= Franco (bishop) =

Hungarian bishop

Franco (Frank) was a Hungarian prelate in the 11th century, who was a councilor of Solomon, King of Hungary in the early 1070s. Which bishopric he administered is uncertain.

==Sources==

But when they divided the treasure, the king [Solomon], on the counsel of Vid and Bishop Frank and Radoan, the son of Bugar, and Ilia, a kinsman of Vid; divided the treasure into four parts and gave one quarter to the duke who was to have received a third, and of the three remaining parts he gave one to be shared among all the soldiers, the second to Vid, and the third to Ilia. At this the duke [Géza] was greatly annoyed.
— Illuminated Chronicle

According to the 14th-century Illuminated Chronicle, Franco served as a bishop of one of the dioceses of the Kingdom of Hungary and was considered a loyal confidant and councilor of King Solomon by 1071. In this capacity, he took part in the Byzantine–Hungarian War in that year.

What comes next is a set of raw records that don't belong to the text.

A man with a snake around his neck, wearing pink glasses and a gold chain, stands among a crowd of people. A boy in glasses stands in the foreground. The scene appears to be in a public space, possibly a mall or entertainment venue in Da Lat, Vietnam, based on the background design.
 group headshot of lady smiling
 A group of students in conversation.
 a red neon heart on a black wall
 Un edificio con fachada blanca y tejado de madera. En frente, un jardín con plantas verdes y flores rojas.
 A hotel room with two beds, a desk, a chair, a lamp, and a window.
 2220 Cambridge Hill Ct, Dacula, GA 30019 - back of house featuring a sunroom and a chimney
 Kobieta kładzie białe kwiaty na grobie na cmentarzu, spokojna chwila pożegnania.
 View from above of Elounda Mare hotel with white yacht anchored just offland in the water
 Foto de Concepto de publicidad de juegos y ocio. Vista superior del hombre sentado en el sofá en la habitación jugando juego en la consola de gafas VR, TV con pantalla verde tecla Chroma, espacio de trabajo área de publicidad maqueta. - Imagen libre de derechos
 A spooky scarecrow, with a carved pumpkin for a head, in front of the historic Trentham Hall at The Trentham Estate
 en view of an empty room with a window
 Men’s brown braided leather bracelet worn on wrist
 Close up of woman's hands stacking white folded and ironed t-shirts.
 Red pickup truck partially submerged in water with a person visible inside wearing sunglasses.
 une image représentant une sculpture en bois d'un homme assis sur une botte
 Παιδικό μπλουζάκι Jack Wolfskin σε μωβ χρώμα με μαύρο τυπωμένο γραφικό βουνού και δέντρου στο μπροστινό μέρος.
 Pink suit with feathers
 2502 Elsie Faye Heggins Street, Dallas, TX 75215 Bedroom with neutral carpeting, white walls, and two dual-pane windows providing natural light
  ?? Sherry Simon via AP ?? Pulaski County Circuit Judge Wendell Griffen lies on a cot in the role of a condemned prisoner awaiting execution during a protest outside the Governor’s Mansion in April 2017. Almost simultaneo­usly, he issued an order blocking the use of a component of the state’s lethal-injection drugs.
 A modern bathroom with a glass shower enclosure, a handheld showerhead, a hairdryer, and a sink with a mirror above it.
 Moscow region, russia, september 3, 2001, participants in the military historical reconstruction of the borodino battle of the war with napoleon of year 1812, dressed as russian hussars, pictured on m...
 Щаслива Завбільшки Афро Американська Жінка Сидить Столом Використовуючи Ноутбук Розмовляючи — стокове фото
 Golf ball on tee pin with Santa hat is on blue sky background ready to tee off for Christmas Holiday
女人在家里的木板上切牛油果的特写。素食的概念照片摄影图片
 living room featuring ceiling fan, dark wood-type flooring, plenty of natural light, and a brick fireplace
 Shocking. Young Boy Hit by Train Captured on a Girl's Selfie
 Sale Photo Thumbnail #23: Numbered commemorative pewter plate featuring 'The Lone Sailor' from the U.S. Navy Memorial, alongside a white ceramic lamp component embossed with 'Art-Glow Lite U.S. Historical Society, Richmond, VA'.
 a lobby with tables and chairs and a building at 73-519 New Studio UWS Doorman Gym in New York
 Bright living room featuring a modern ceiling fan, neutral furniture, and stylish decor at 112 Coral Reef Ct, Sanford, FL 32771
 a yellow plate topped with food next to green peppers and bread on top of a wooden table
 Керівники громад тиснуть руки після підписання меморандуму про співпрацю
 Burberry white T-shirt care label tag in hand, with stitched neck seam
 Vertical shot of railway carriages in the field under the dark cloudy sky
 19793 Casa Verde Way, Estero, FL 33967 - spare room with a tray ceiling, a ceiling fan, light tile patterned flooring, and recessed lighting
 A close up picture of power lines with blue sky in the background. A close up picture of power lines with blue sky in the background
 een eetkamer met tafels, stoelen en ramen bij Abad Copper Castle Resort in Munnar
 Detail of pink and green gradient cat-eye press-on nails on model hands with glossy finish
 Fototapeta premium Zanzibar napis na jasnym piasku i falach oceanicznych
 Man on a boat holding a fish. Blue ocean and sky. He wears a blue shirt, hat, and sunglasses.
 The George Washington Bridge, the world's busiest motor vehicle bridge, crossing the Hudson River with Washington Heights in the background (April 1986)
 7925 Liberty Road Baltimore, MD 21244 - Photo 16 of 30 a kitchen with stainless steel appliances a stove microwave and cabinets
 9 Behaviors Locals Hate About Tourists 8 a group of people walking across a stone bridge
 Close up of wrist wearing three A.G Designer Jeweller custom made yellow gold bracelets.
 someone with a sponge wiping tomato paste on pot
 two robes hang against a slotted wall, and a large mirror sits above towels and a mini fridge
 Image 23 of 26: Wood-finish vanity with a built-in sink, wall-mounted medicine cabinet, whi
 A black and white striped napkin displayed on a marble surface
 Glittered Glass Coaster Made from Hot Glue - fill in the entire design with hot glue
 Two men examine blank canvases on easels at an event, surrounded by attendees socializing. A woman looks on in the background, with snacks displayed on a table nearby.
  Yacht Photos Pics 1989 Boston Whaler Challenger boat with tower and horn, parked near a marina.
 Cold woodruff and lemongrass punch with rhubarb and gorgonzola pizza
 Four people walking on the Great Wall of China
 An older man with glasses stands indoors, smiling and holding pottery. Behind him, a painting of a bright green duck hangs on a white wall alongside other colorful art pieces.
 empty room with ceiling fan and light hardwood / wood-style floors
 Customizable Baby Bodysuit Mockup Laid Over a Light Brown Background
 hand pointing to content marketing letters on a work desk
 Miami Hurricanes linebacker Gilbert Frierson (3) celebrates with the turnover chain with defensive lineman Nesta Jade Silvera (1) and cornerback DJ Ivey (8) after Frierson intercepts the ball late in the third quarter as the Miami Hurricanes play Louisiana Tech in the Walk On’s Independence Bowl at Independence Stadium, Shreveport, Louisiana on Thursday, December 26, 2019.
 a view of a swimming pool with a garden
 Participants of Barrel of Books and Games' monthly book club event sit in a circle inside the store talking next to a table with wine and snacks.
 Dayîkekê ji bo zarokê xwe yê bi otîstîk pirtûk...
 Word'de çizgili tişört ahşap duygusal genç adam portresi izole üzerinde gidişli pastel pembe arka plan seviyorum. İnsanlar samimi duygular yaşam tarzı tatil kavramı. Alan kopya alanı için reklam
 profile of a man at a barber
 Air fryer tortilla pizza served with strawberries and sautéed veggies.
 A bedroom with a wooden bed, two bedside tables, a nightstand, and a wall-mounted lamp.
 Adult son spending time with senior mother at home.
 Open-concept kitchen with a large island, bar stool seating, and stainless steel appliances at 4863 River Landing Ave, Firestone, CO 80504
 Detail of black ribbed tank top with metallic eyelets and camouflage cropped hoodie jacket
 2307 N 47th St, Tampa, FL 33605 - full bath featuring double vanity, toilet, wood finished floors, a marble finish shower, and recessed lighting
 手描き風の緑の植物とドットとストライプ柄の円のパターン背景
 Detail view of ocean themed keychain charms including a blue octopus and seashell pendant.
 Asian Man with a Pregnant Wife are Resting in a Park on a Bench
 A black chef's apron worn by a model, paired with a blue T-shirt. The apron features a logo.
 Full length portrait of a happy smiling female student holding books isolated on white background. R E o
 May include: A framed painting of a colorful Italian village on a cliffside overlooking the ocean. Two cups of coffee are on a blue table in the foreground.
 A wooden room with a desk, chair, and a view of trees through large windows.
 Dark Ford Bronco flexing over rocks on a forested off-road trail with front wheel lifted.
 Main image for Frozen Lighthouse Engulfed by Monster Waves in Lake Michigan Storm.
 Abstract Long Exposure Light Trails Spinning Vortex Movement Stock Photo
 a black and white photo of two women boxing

He was present at the successful siege of Belgrade. The chronicle narrates that Franco (Frank) – alongside other lords, Vid Gutkeled, Rodowan and Ilia, Vid's relative – advised Solomon to leave Duke Géza out of dividing the spoils of war, which caused the confrontation between them to deepen. The Illuminated Chronicle does not mention Franco's episcopal see. Despite his political affiliation, Franco remained in his position after Géza I ascended the Hungarian throne following his victorious battle against Solomon. Franco assisted the foundation of the Garamszentbenedek Abbey (present-day Hronský Beňadik, Slovakia) in 1075. His name appears in Géza's establishing charter, alongside archbishops Nehemiah of Esztergom, Desiderius of Kalocsa and suffragans Aaron, Gecticus and Lazarus. The document does not name Franco's episcopal see either.

==Identification==
Two foreign sources, the Chronicon Sancti Huberti Andaginensis and the Vita Theoderici Abbatis Andaginensis, both from Liège refer to a certain "Franco Bellagradensis pontifex" and "Franco episcopus Bellagradensis", respectively, under the year 1081. Based on this, Croatian historian Franjo Rački considered that Franco functioned as a bishop of Biograd (in Dalmatia). Historian Gyula Pauler identified "Bellagradensis" with Gyulafehérvár (present-day Alba Iulia, Romania), accordingly Franco could have been a bishop of Transylvania. His theory was accepted by György Györffy and Gyula Kristó too. In contrast, Péter Váczy identified Franco's (titular) episcopal see with Belgrade (today Serbia's capital), where a Greek-ryte metropolitanate located at the turn of the 11–12th centuries. There is another source, the death register (obitury) of the Saint Lambert's Cathedral, also in Liège, which commemorates a certain deceased Franco, the bishop of Veszprém ("commemoratio Franconis episcopi apud Vesperem que est civitas Hungariae"), who died in 1081. Gábor Thoroczkay accepted this data, arguing that Székesfehérvár, or "Alba Regia", located in the diocese too, where the suffragan also possessed a palace. Tibor Szőcs considered the identification of "Bellagradensis" with Biograd, where a diocese existed from 1059 to 1125 until the city was conquered and demolished by the Republic of Venice. Pál Engel and László Koszta also considered that Franco was perhaps a bishop of Veszprém sometime around 1071–1081.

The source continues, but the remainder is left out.